Fourth, office holders and office seekers in the Republican Party will not only have to pledge their pro-life bona fides, but they will also have to articulate cogently how exactly they will promote legislation to protect life in the womb. Moreover, they must do so in a way that will attract moderates who may support abortion in some instances. Those who cannot do this should not receive the party’s nomination for state or federal office.
Fifth, with Roe overturned, a new front of the battle for life is now opened. The first front where we have been fighting will still be contested: convincing others of abortion’s evil. The second front we will have to fight now is where abortion is illegal to any degree, we have to double down with providing resources for those women facing crisis pregnancies. Countless entities like this exist throughout the country. We will need more, and they will have to be better supplied and supported by all pro-lifers. Whereas ultrasound machines have been used to convince abortion-minded women to bring their children to term, now is the time to build more of what I will call Gianna Houses, homes for unwed mothers to have their babies and then live in for a while as they get back on their feet. Such endeavors are huge investments in time, money, and aggravation, dealing with everything from local zoning laws to disgruntled neighbors. But if we are serious that we want to make abortion unthinkable, then we are going to have to roll up our sleeves and get to work.

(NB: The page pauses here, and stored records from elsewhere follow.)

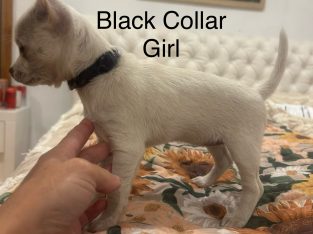 Chihuahua – Mount Gambier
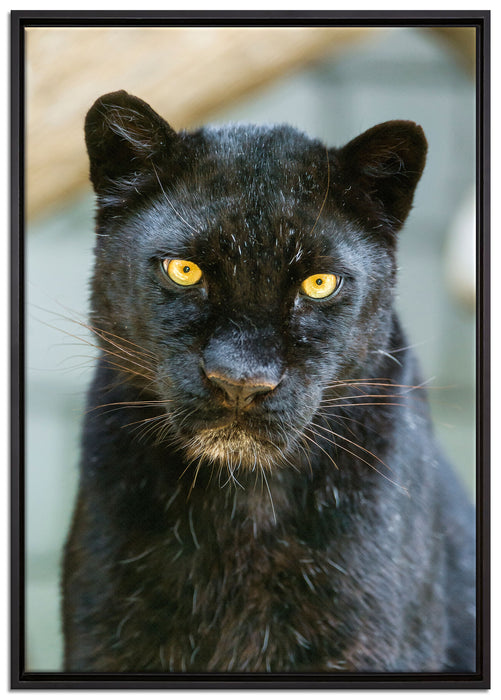 prächtiger Panther auf Leinwandbild gerahmt Größe 100x70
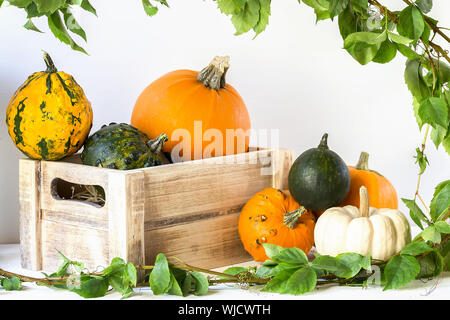 Weidenkorb voller dekorative Staude, horizontale Zusammensetzung Stockfoto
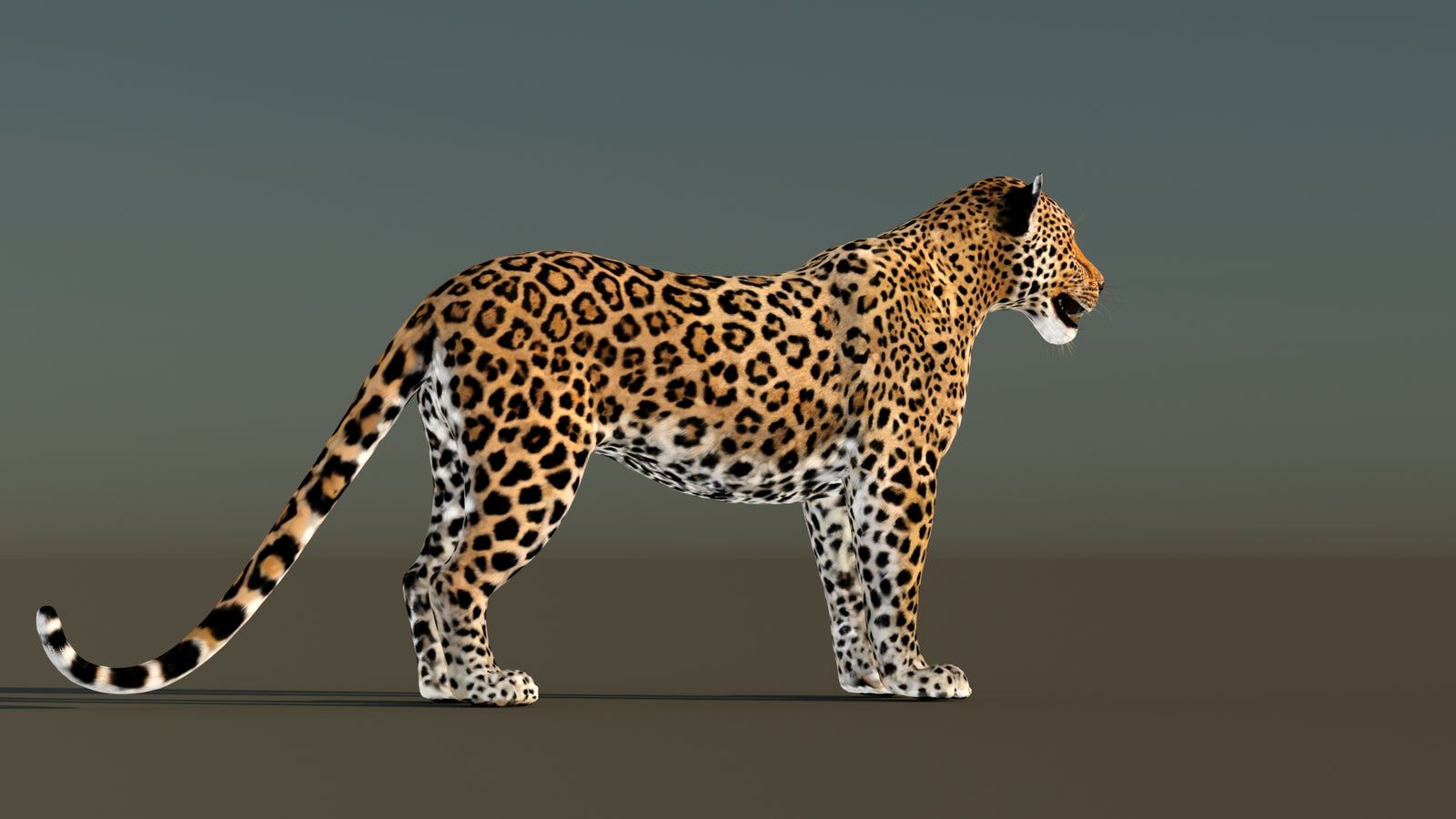 Leopard 3D Model Animated 360° view 1 frame 11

Sixth, and related to this, pro-lifers have to continue to make the argument that to be pro-woman is to be pro-life. Abortion does not liberate women; it entraps them. Today, with some abortion supporters somehow confused over what a woman is, emphasizing that motherhood is the essence of femininity is a common sense, and winning, approach. Those who have subscribed to contradictory terms as “pregnant persons” or “chest feeding” deny the essence of what it means to be a woman. Such patently silly talk will drive some disaffected women to seek fellowship with other political groups. Pro-lifers should be ready to greet them through purchasing television and internet advertising that showcases young, happy moms who know that to be a woman is to be a mother.

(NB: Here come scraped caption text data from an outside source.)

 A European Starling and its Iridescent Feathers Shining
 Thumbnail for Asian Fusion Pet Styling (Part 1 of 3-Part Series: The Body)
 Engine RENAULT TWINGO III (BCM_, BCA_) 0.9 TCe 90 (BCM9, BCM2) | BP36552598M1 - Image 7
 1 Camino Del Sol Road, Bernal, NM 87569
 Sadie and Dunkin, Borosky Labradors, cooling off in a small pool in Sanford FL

Seventh, and finally, there is the problem of what to do in blue states where a vast majority of the population supports abortion. We cannot throw up our hands in surrender. Rather, our model has to be the pre-Roe pro-lifers who worked very hard to get pro-life legislators into primaries and then into the general elections. In areas where the voting population is mixed, we have to do the same: encourage loyal, pro-life Americans with the needed charism to run for local office. Pro-lifers are unlikely to win the governor’s seat in New York or California, but we can try to recapture the statehouses to pump the brakes on unlimited abortion license in those states.

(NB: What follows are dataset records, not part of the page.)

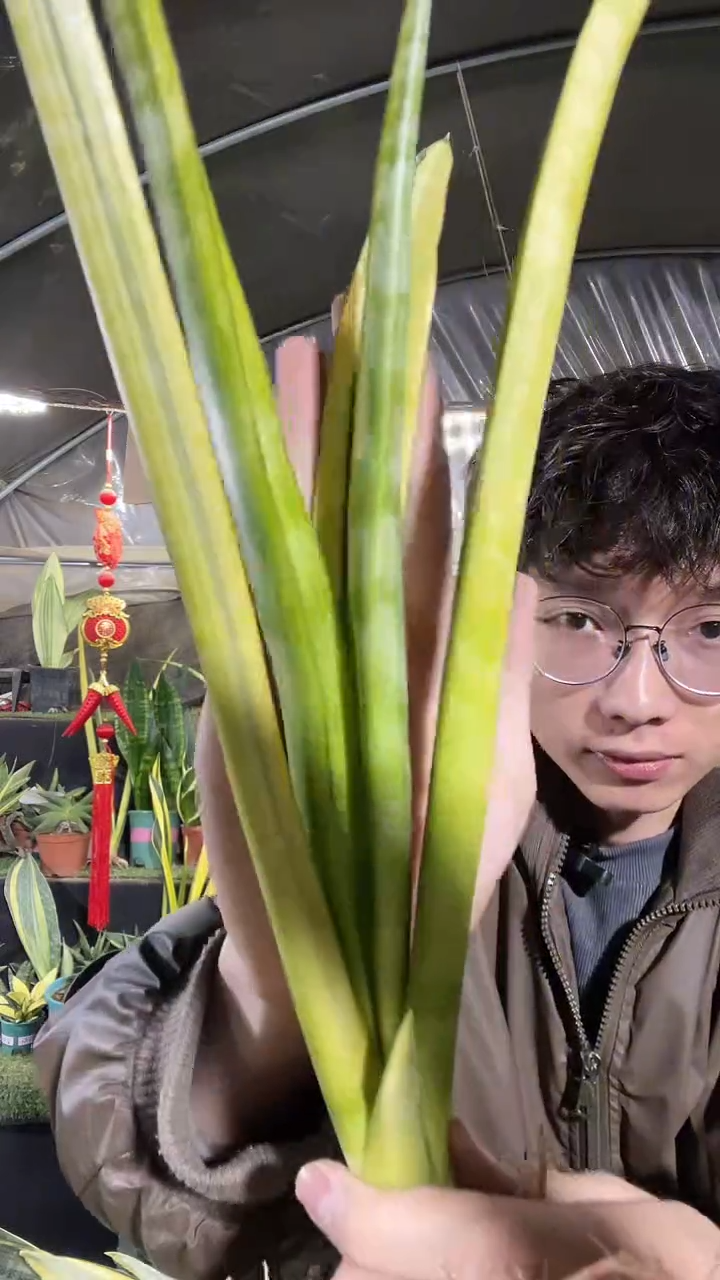 ≧****隅2号爪哇锦裸根75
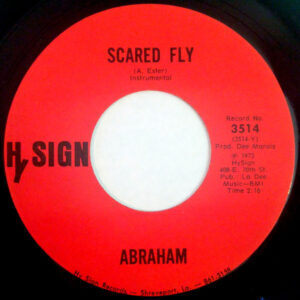 ABRAHAM - Funky Spider and / Scared Fly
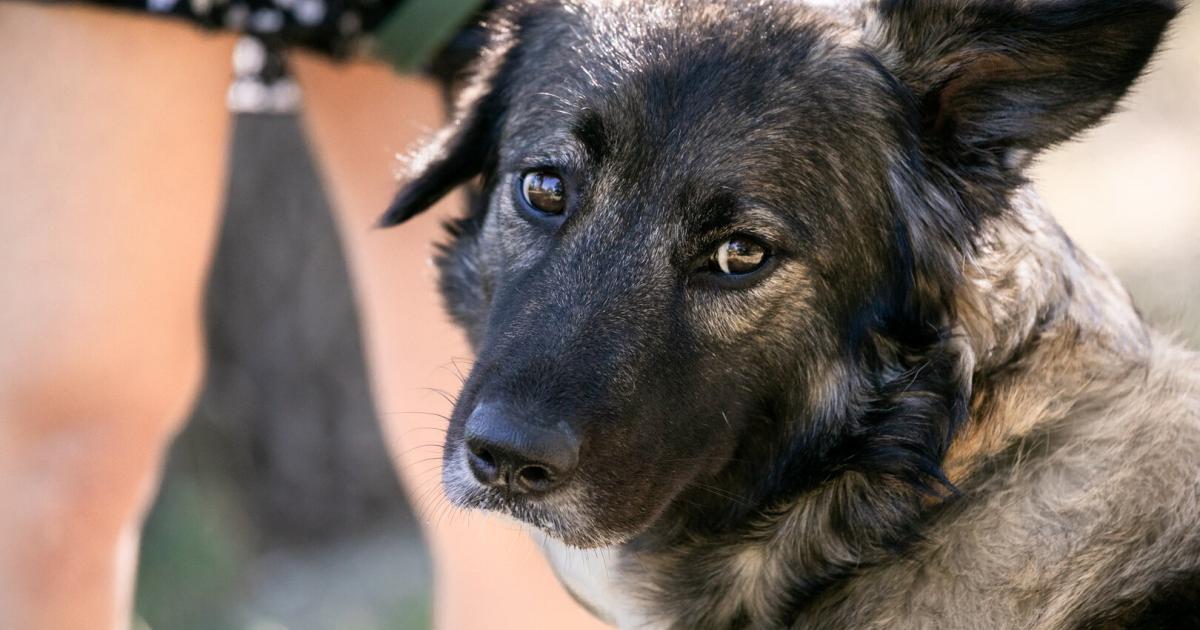 -Hunde-Kunde-Bereits-20-000-Kursteilnehmer-in-Wien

The road ahead is difficult, yet full of promise, especially as it follows our long desired and long petitioned goal of overturning Roe. We are right to rejoice in that victory today. But now we must return to fight a new war in the army of Christ the King. We received the sacrament of confirmation for precisely this purpose: to have the grace to fight for Christ. So let’s keep praying and be ready to play the hero’s part as the pro-life movement enters a new, uncharted phase of its existence.